Requirement
Please copy out the entries below exactly, beginning with the line that contains "Lindsey Wasson / The Associated Press files" and ending with the line that contains "sitting room featuring", and include nothing outside that span.

Task data
*** Block opens ***

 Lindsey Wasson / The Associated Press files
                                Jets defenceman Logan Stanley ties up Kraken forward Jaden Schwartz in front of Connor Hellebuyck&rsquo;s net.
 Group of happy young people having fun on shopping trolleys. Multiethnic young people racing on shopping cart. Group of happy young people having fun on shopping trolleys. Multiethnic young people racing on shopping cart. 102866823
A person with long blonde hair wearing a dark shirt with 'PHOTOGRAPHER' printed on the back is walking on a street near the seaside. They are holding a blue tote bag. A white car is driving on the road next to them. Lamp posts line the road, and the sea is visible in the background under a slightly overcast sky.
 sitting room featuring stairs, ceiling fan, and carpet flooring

*** Block closes ***
*** Block opens ***

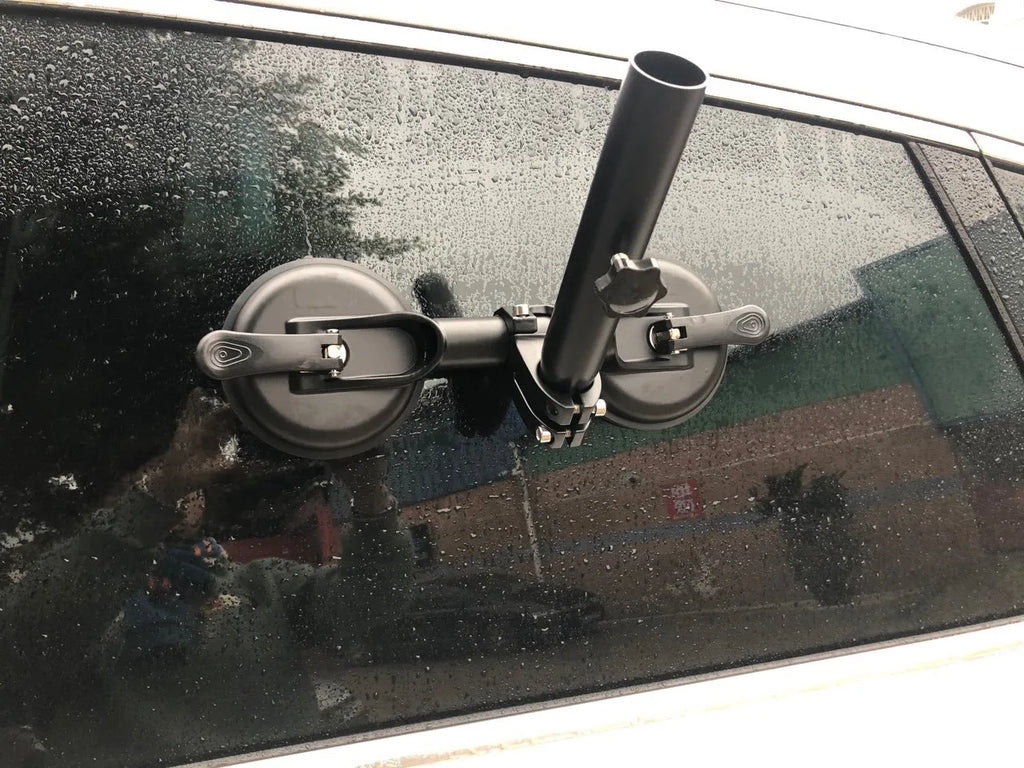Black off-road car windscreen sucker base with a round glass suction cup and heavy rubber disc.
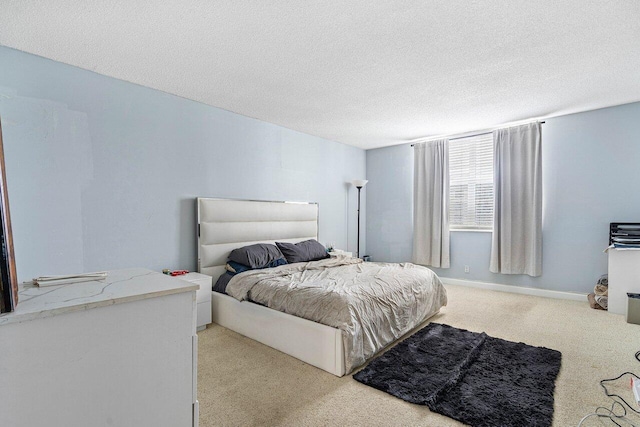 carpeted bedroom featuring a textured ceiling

*** Block closes ***

Output below
 Lindsey Wasson / The Associated Press files
                                Jets defenceman Logan Stanley ties up Kraken forward Jaden Schwartz in front of Connor Hellebuyck&rsquo;s net.
 Group of happy young people having fun on shopping trolleys. Multiethnic young people racing on shopping cart. Group of happy young people having fun on shopping trolleys. Multiethnic young people racing on shopping cart. 102866823
A person with long blonde hair wearing a dark shirt with 'PHOTOGRAPHER' printed on the back is walking on a street near the seaside. They are holding a blue tote bag. A white car is driving on the road next to them. Lamp posts line the road, and the sea is visible in the background under a slightly overcast sky.
 sitting room featuring stairs, ceiling fan, and carpet flooring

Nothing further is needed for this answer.